Mean
\(E[X] \dfn (E[X_i])\).
Linearity
If \(X\) is a random matrix, A, B, C are constant matrices: \(E[AXB + C] = AE[X]B + C\). Proof: by using \((AXB){i, j} = A{i,:} X B_{:, j}\), which is a linear combination of \(X_{k,l}\).
Also, if \(X\) is random vector, \(E[a^{T}X] = a^{T}E[X]\).
Covariance
Definition
How correlated are deviations of X, Y from their means?\ \(cov(X, Y) = E_{x, y}[(X - E[X])(Y - E[Y])]\).
Extension to vectors
\(cov(X, Y) = E_{x, y}[(X - E[X])^{T}(Y - E[Y])]\):\ corresponds to measuring \(cov(X_i, Y_j)\).
Correlation
(Pearson) correlation coefficient: \(corr(X, Y) = \frac{cov(X, Y)}{\stddev_{X}\stddev_{Y}}\): normalized covariance.

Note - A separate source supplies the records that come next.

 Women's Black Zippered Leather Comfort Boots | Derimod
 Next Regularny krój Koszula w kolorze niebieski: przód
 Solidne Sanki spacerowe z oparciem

Correlation vs Independence
If \(X_{i}\perp X_{j}, Cov[X_{i},X_{j}] = 0\): even if they are only pairwise independent. But, \ \(cov(X, X^{2}) = 0\) even if \((X, X^{2})\) not \(\perp\).

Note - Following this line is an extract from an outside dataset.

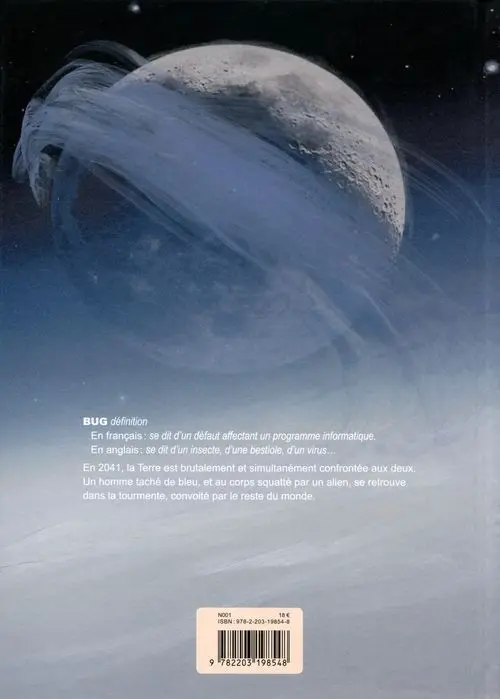 Verso de l'album Bug Livre 2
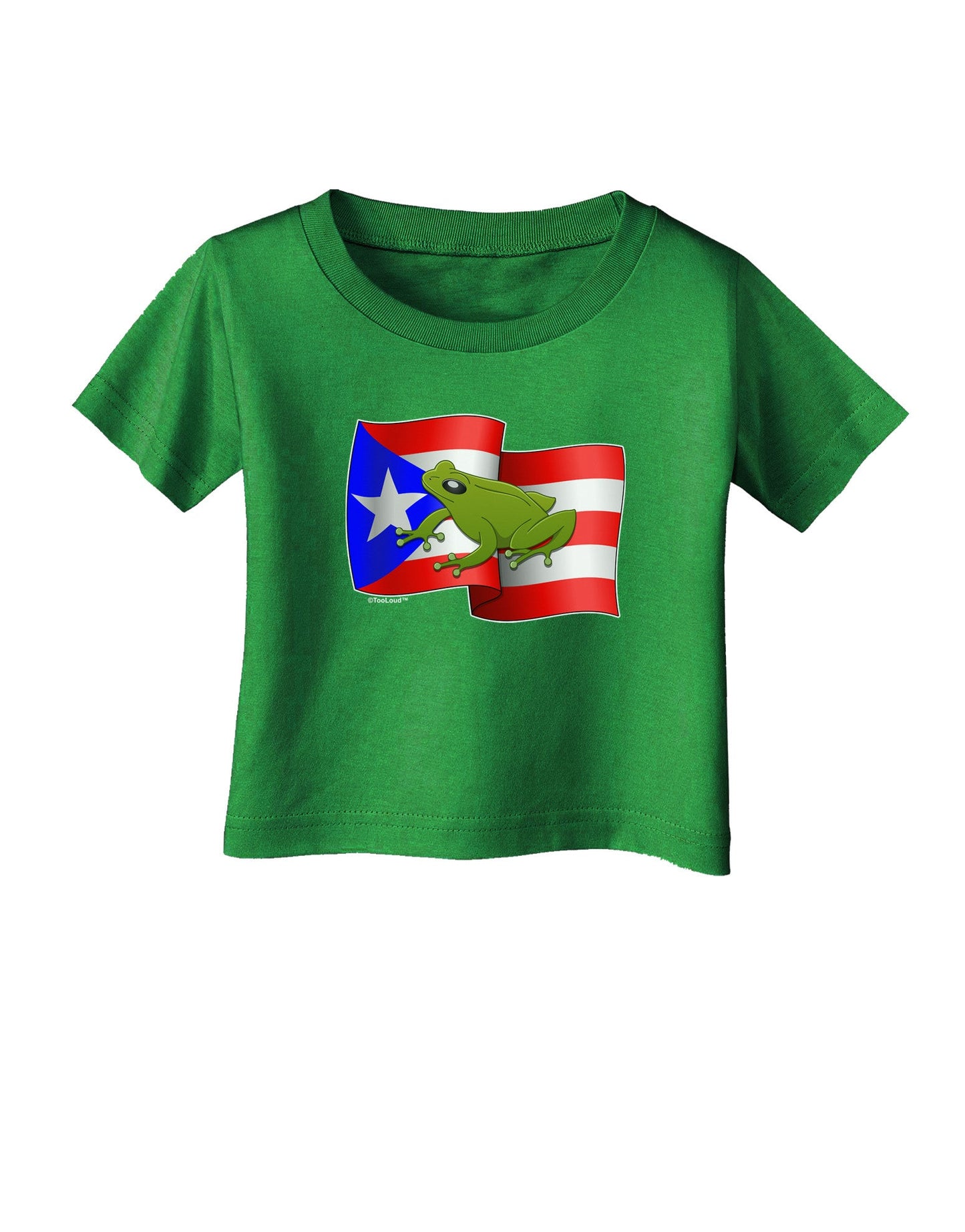 Puerto Rico Coqui Infant T-Shirt Dark-Infant T-Shirt-TooLoud-Clover-Green-06-Months-Davson Sales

If \(Cov[X_{i},X_{j}] = 0\) holds, then Xi and Xj are uncorrelated. If they are independent, they are uncorrelated; but not necessarily vice versa.
Covariance matrix
\(\covmatrix = var[X] = cov(X, X) = E[(X-\mean)(X-\mean)^{T}] = E[XX^{T}] - \mean \mean^{T}\).
Diagonal has variances of \((X_{i})\). It is diagonal if \((X_{i})\) are independent.

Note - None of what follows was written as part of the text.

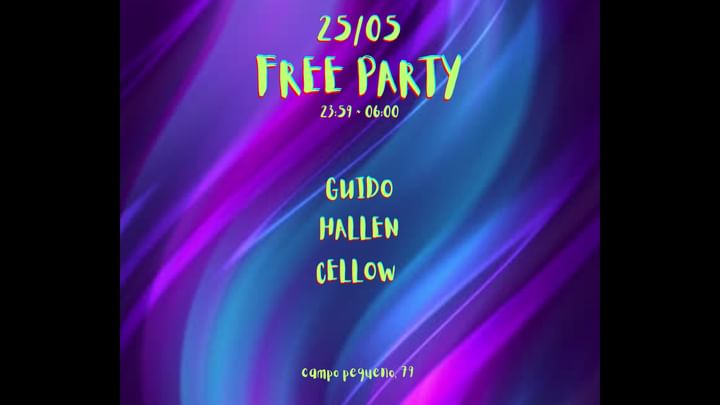 Cover for event: Free party at NAV w/ Hallen, Cellow and Guido!
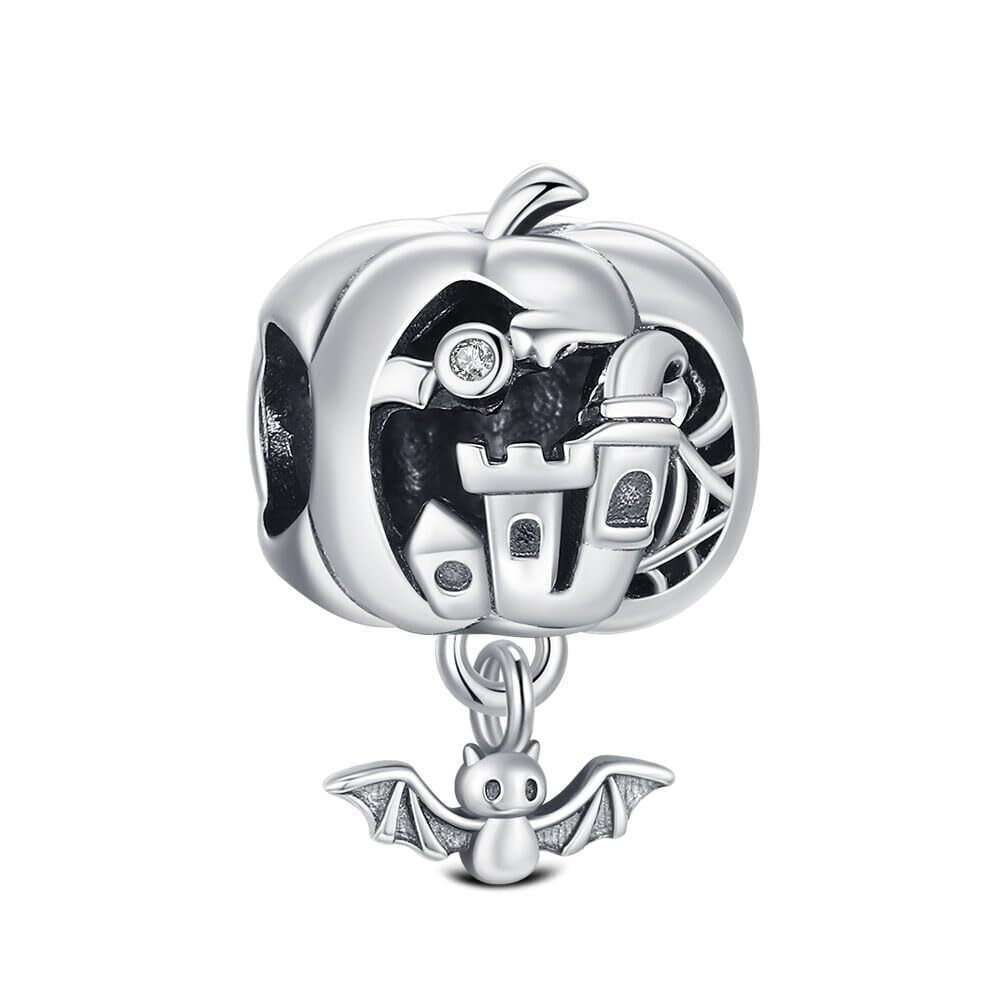 4240 Halloween Charms for Pandora Bracelets 925 Sterling Silver Spider Net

Effect of linear transformation
\(Var[BX + a] = E[(BX - BE[X])(BX - BE[X])^{T}] = BVar[X]B^{T}\). As in the scalar case, constant shifts have no effect.
Special case: \(var[a^{T}X] = a^{T}var(X)a\).
Nonnegative definiteness
\(\covmatrix \succeq 0\) as \(a^{T}E[(X-\mean)(X-\mean)^{T}]a \geq 0\).
If \(a^{T}\covmatrix a = 0\), with probability 1, \(a^{T}X - a^{T}\mean = 0\), so some \(\set{X_i}\) are linearly dependent. So, \(X\) lies on the hyperplane/ subspace with normal a.
Precision matrix
\(V = \covmatrix^{-1}\). Consider partial correlation deduced in case of multidimensional normal distribution.
Moment generating function
\(E[e^{t^{T}X}]\) is the moment generating function.